Stocks to buy from the space according to Emkay Global
According to the firm, L&T, target price Rs 2,160, KEC target price Rs 495, KPTL target price Rs 500 and HG Infra, target price of Rs 820 are the top picks in the sector.
“LT, ex-services, trades at 16.5x FY24E EPS, assuming current price (with 20% discount) for all the listed IT and finance subsidiaries. Short-cycle engineering companies such as Siemens, ABB and Cummins have shown strong revenue momentum in the recent past,” Emkay Global has said.
Sales and net profits growth
According to Emkay Global, on the sales front, Defense/Infrastructure companies (2-year sales CAGR of 6-8%) fared better than Capital Goods companies (2%).

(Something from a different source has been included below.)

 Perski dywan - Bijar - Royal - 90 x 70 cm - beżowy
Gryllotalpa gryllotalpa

HG Infra (28%), KNR (21%), JMC (20%), ACE (19%), GR Infra (15%), PNC (14% and Carborundum (13%) showed strong execution, while IRB (-19%), Capacite (-7%), KPP/BDL/Cochin/ISGEC were still well below their respective FY20 sales,” the firm has said.
At the PAT level, Defense companies saw a 2-year CAGR of 21%, while Capital Goods firms saw 14% growth over FY20 profitability. Infrastructure firms saw a negative 2-year CAGR of 6% due to the poor performance of Dilip Buildcon (excluding Dilip, it would have been 1% growth) and lower margins across several of the Infrastructure companies.

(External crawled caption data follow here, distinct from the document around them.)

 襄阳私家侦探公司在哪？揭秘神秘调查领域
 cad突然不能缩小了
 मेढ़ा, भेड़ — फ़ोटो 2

Order book: 12%; 2-year CAGR
According to Emkay Global, as of FY22-end, the companies saw a 2-year CAGR of ~12% in the order book. Defense/Infrastructure companies saw a 23%/15% rise (2-year CAGR) in their order book. Order book growth for Capital Goods companies stood at 7%.
“JMC Projects (34%), KNR (31%), PNC (30%), Thermax (30%) and HAL (25%) were the clear winners in terms of order book growth from a 2-year CAGR perspective, while IRB, NCC, Ashoka, Apar and Triveni Turbine fared well. The laggards were Mishra Dhatu, Cochin, Capacite and GR Infra,” the firm has said.
Defense companies posted a positive EBITDAM over 2-year basis (43bps). Capital Goods companies saw a marginal decline in EBITDAM (29bps on a 2-year basis) as these companies managed staff and other expenses well. Infrastructure companies saw 182bps EBITDAM contraction, and hence the worst among the lot.